It’s National Grilling Month, and what better way to kick off a fun month of grilling than to put some quick grill tips and tricks to use. Let the grilling begin!
1. Clean your grill and grate with a grill brush after preheating
This tip sounds like a no-brainer, but to achieve optimum grill cleanliness, run your grill brush over the grates after preheating. That way, the heat will have already begun to loosen the grit and grime that’s been stuck on your grill since your last cookout. As Chris Allingham, a blogger on Weber grills, also attests to: “There’s zero chance of forgetfulness. If you burn-off after cooking, you go into the house and enjoy your meal, only to realize 30 minutes later that your grill is still glowing cherry-red-hot out on the patio.” Our Senior Graphic Designer, Dorik Downing, also suggests an alternative to a wire brush, which has potential safety concerns. Dorik’s grill brush of choice is the “Ultimate BBQ Cleaning Tool,” a brush made from red oak that forms to the shape of the grill grates.
“What I like the most about it is that I feel like my grill is still ‘seasoned’ because the formed tool does not harshly scrape the grill like a wire brush would. A few swipes with the tool and it’s grill time!” – Dorik Downing
Additional tip: For a deeper clean, remove your grates and soak them in a bucket of soapy water before cooking.
2. Oil your grill with a paper towel soaked in vegetable oil, or use an onion
Avoid investing in cheap sprays that can cause flare-ups on the grill, and instead, simply use a paper towel soaked in vegetable oil on your grill grate. Once the towel is soaked, take a set of tongs and coat the grate entirely to prevent sticking. This tip is cost-effective and easy, making for efficient grilling and zero chance of your meat, vegetables, or seafood sticking to the grill.
You could also clean your grill grate with an onion. Amanda Perry, our Marketing Specialist, recommends this technique: “While the grill’s still hot, take a freshly halved onion, stick it on a fork, and use the cut side to rub residue off the grate. The oils in the onion will take care of most, if not all, of the grit without the elbow grease. They’ll also season the grill and add some flavor to your next meal, too.”

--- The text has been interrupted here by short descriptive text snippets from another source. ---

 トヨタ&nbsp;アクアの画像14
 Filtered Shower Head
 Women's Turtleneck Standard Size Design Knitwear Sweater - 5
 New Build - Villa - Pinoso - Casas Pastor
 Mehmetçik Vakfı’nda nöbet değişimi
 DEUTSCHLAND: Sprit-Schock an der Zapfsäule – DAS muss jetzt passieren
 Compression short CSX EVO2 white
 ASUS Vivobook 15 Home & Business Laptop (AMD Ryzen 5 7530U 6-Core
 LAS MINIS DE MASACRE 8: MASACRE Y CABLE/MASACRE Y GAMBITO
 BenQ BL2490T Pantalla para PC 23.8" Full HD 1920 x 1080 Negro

3. Keep a spray bottle nearby in case of flare-ups
Flare-Ups can be a scary and sudden side-effect to using a grill spray on your grill or can simply be caused by grease dripping down into the grill. While some flare-ups are small and contained, one simple trick to dousing larger flare-ups when they do occur is to keep a spray bottle filled with water nearby.
4. Invest in a grill mat
A grill mat will help reduce staining from grease that could splatter or drip out of the grill. Even if you have a drip pan, there is still a risk of grease or oil escaping the grill and staining your patio. Investing in a naturally heat-resistant grill mat could ensure a greater longevity to your patio surface.

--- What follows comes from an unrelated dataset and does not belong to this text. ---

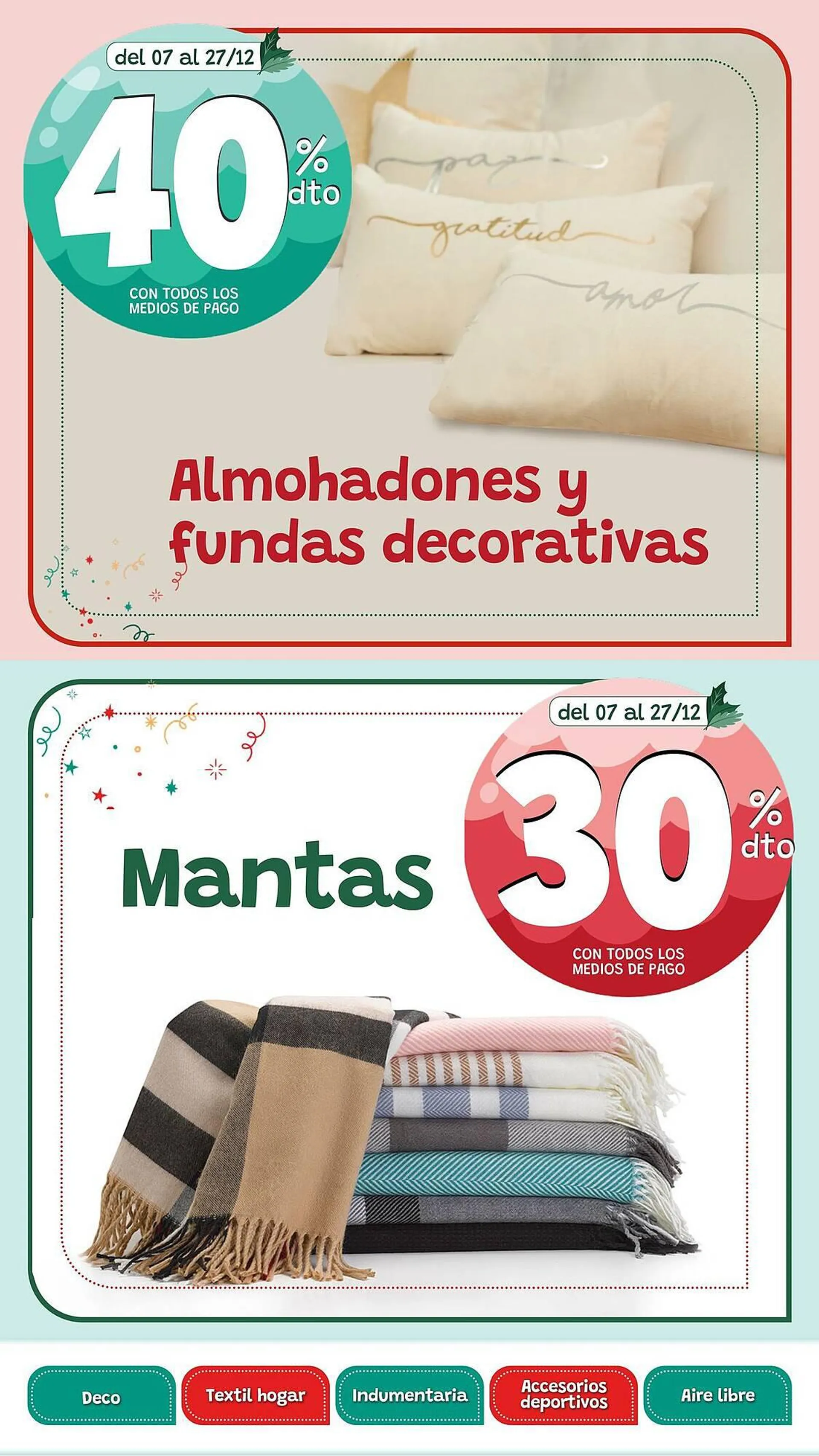 Ofertas de Catálogo La Anonima 11 de diciembre al 27 de diciembre 2023 - Página 10 del catálogo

5. Try additive-free lump charcoal
For those grill masters that favor charcoal grills, consider trying additive-free lump charcoal, a more environmental-friendly substitute to normal briquettes (which normally contain wood scraps, sawdust, coal dust, sodium nitrate, borax, and additional additives). We also recommend avoiding lighter fluid altogether when lighting your grill, as it releases volatile organic compounds (VOCs) into the air, which can leave unsanitary residue on the food you’re grilling. Our Senior Graphic Designer, Dorik Downing, recommends 100% Lump Charcoal, which he uses on his Kamado Joe grill.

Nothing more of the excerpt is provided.